Observing the man standing just inside his doorway, Dr. Lance Sweets is a bit confused. Something is off. Usually there is an air of cockiness and subtle irritation, but today it's gone and replaced by what? Sweets sat on the arm of an overstuffed chair watching and wondering. How should he approach this side of Special Agent Seeley Booth? His usual abrupt behavior toward the therapist was not apparent today, and that mildly surprised him.

"You look like you've had a rough day Agent Booth. Why don't you have a seat?" He stood and patted the back of the chair he'd just vacated, but Booth simply shook his head and began to pace. The man looked like a caged lion that could turn on its trainer at any moment. Neither spoke at first as Booth stopped to look at the pictures and diplomas up on the therapist's walls. "I do have to say I was rather surprised to hear from you earlier. You sounded…distracted on the phone."

With a shake of his head, Booth moved from the wall and began pacing again, his arms across his chest in an effort to close himself off from the world. Lance kept his eyes on the FBI agent, watching as Booth's gaze refused to linger on any one thing. From their positioning, it was as though he were reliving something in his head. Finally after what seemed to be several minutes, Booth looked up at the therapist and opened his mouth to speak.

"I'm not sure why I came here."

"I'm sure you do Agent Booth, otherwise you wouldn't be in my office right now." There was no sarcasm to the comment as the young man continued to observe the agent.

"Something happened today that…" He shook his head and began to pace again.

"Does it have to do with Dr. Brennan?"

"No, it's nothing to do with Bones. I…" Booth sighed and ran his fingers through his hair. How was he going to talk about this? He couldn't handle the intense way Sweets was watching him, so when the younger man asked his next question, it caught Booth off guard.

"How's your son Parker doing? You mentioned once that he's in softball was it?"

"Yeah, he plays softball. His team is undefeated right now."

"Like the Pats, huh?" Booth quirked the corner of his mouth up at the words.

"Something like that. They're possibly going to be in the world series of softball."

"What position does he play?"

"He's a pitcher, and is on the way to a wicked fastball." Booth smiled wryly for a moment then frowned. "Softball is one of the few ways I get to see my son regularly. It's not like Rebecca lets me see him all that often."

"Rebecca's your ex?"

"You know, I wanted to marry her, but apparently she thought I was a horrible person and turned me down. She has this new guy in her life, Captain Fantastic. He spends more time with my son than I do. What's fair about that? Why is it that his own father can't see him, but some random guy that's sleeping with her can see him all the time?"

"I'm sensing that you're angry about something."

"Gee you think? It's just not fair. I'm a good father. She knows I'm a good father, so why the hell," he hit a wall with his fist, "don't I get to see him more often. It's like the whole world is against me sometimes. My parents gave me hell for having Parker out of wedlock."

"You don't generally speak about your parents."

"No, why would I? The only thing I ever hear from them is how lousy I am.

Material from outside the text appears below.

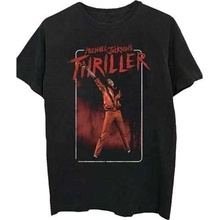 Michael Jackson Thriller White Red Suit Black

I can't stick to one thing, I'm going against my faith, I have problems, and then there's my brother. Jared is the golden child. He's the doctor with the wife and three kids. They go to church every Sunday like the good Catholics they are. As if I don't go every week myself."

"Agent Booth…"

"No, I don't want to hear it. I don't want to hear how problems that I have now are related to my parents. Gordon Gordon tried that with me, and it didn't work then."

"I wasn't going to say anything of the sort. Something is bothering you, that much is obvious, and I'd like to find out what it is. What makes you angry?"

"What are you talking about?"

"Just give me a list of things that bother you. What makes you angry?" Sweets leaned back in his chair and waited for Booth to absorb the question. The agent was quiet for a long moment and rubbed a hand through his hair.

"You want to know what it is that makes me angry? People who drive too slowly in the fast lane on the freeway make me angry. It's like can't you just obey traffic laws like the rest of us? If you aren't going to drive fast, then move over and stay out of my way.

"It pisses me off when I'm working with Bones and none of her people speak English. If they try not to use all of those squinty terms, then they sound condescending. Just because I don't speak squint doesn't make me stupid. I'm smart; I know how to conduct an investigation. I don't need them to solve a crime. I was solving crimes long before I started working with Bones.

"I hate that no one understands my job enough to realize that I can't have a normal life. I can't spend a Saturday with my boy without thinking that I could get called away for an arrest, or a body could be discovered. I can't spend a day with friends without wondering if my job will interrupt. I want to find a woman that understands. I want someone who, if I'm called out on our anniversary will say it's okay for me to go and to be careful. And I never know if it's going to be the last time I was called out. I cope with it, you know? I don't think about it, or I try to not think about it, but it's always there you know? In the back of my mind. I don't want to die young. I didn't…"

"Didn't what, Agent Booth?"

"I didn't want to die; I didn't want to be there anymore. I wanted to be at home with my family and instead I was there. I was there watching my friends die and I couldn't stop it. I was too young, too inexperienced. I didn't know what to do, and then it was too late. I was too late and got punished for it." Booth hit the wall again, harder this time. Pictures on the wall shook and threatened to fall down. Lance Sweets reached under the desk and pulled a foam bat out from under it.

"I'd prefer you hit that weeble in the corner than my wall, thanks." Booth looked at the foam bat and the clown weeble in the room and gave a desperate sounding laugh.

"Of course it would be a clown," he muttered as he took the bat and stared at it for a moment before hitting the air filled clown as hard as he could. The thing flew backwards to the ground and wobbled back up to standing only to be hit again. Booth hit it over and over again, finally yelling before dropping the bat and sitting in a chair wearily. "Now, what happened that brought you here today?"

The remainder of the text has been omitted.